-- Your objective --
The lines below must be transcribed exactly as given, with the images removed.

-- Dataset content --

Content starts

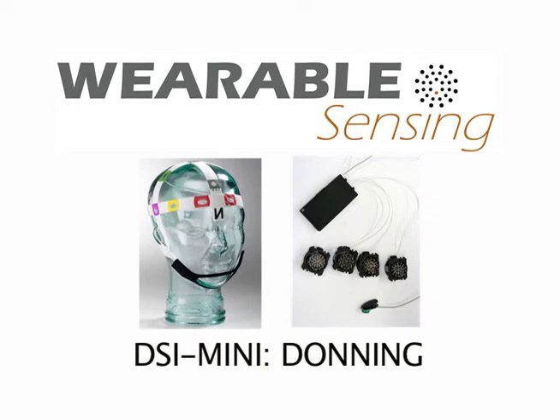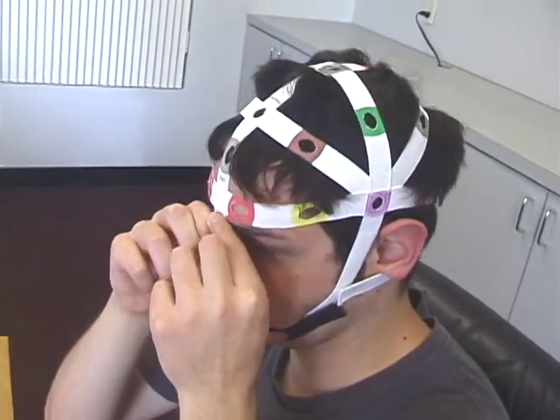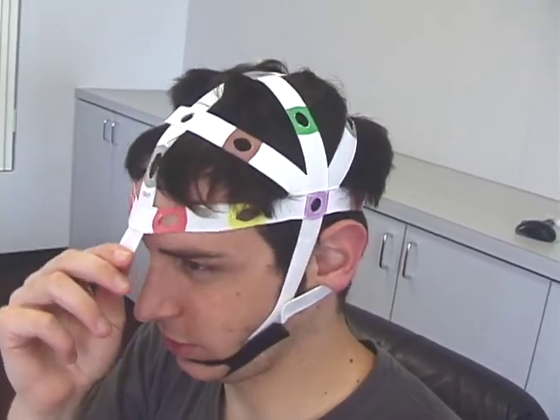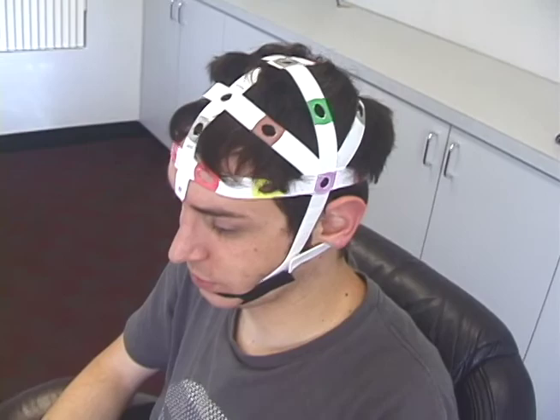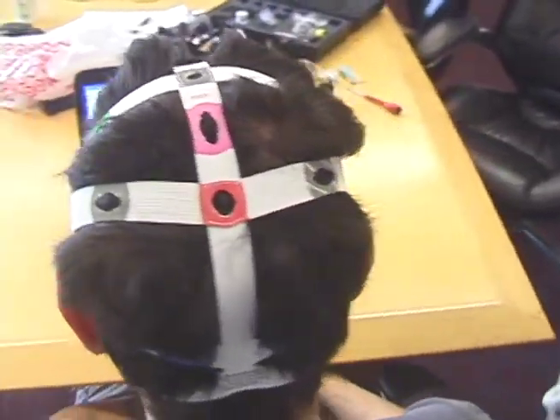This video shows the donning of the DSi-mini system. First, don a size-appropriate brain net and adjust its fiducial marker on the nasion. The brain net's color-coded locations will allow you to position and hold sensors at approximate 10-20 locations.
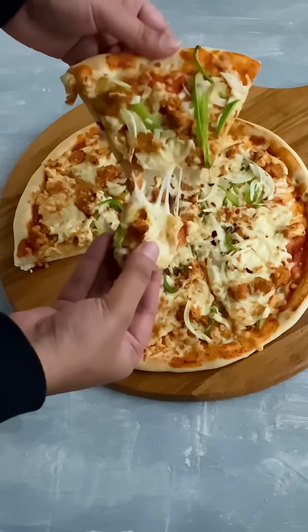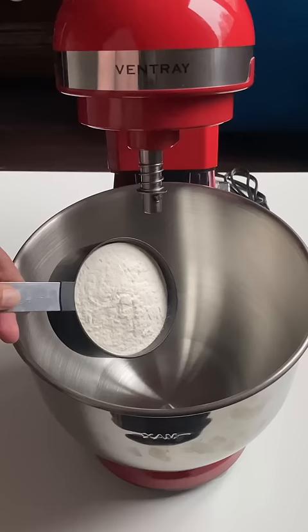You are going to love this super easy, super cheesy chicken tikka pizza. Let's get started. In a stand mixer, add in two cups of flour, half teaspoon of salt, half teaspoon of sugar, and four grams of instant dry yeast.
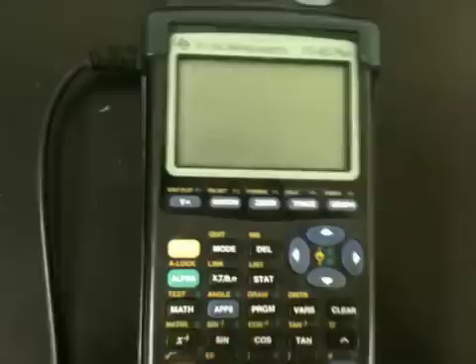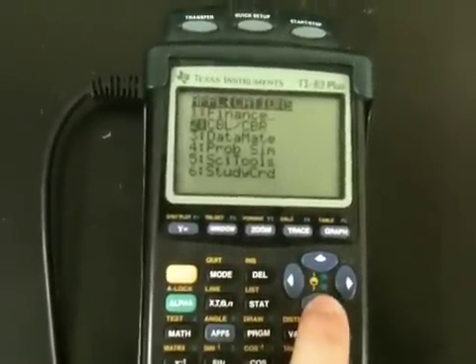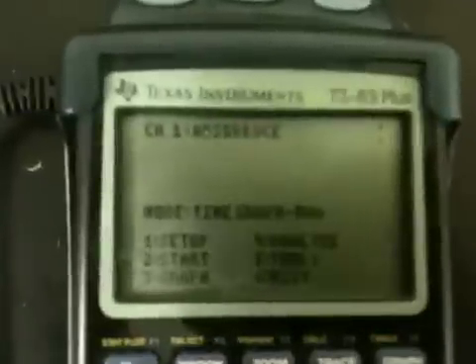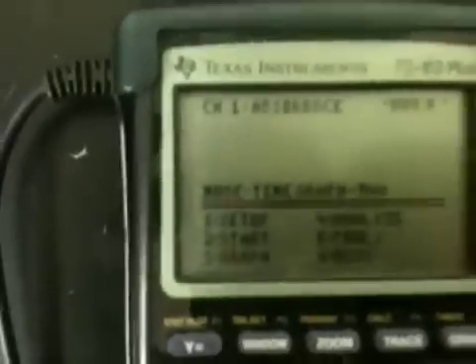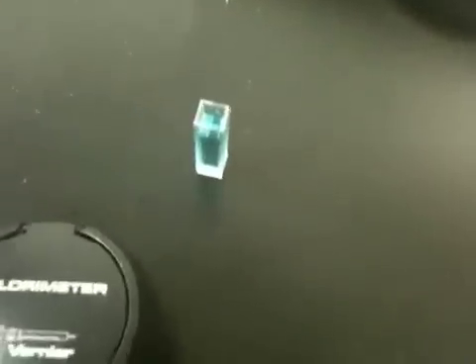Then we're going to turn on the calculator, and then click where it says Apps — this button right here. Then we're going to go down to where it says Datamate. You click Enter, and then it loads Datamate and the software. You'll see it says an absorbance reading. You really need to make sure that the absorbance reading is zero, because we want to make sure that the water is not absorbing light, since we're going to try and measure this blue solution over here.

Content ends

-- Answer to the problem --
This video shows the donning of the DSi-mini system. First, don a size-appropriate brain net and adjust its fiducial marker on the nasion. The brain net's color-coded locations will allow you to position and hold sensors at approximate 10-20 locations.
You are going to love this super easy, super cheesy chicken tikka pizza. Let's get started. In a stand mixer, add in two cups of flour, half teaspoon of salt, half teaspoon of sugar, and four grams of instant dry yeast.
Then we're going to turn on the calculator, and then click where it says Apps — this button right here. Then we're going to go down to where it says Datamate. You click Enter, and then it loads Datamate and the software. You'll see it says an absorbance reading. You really need to make sure that the absorbance reading is zero, because we want to make sure that the water is not absorbing light, since we're going to try and measure this blue solution over here.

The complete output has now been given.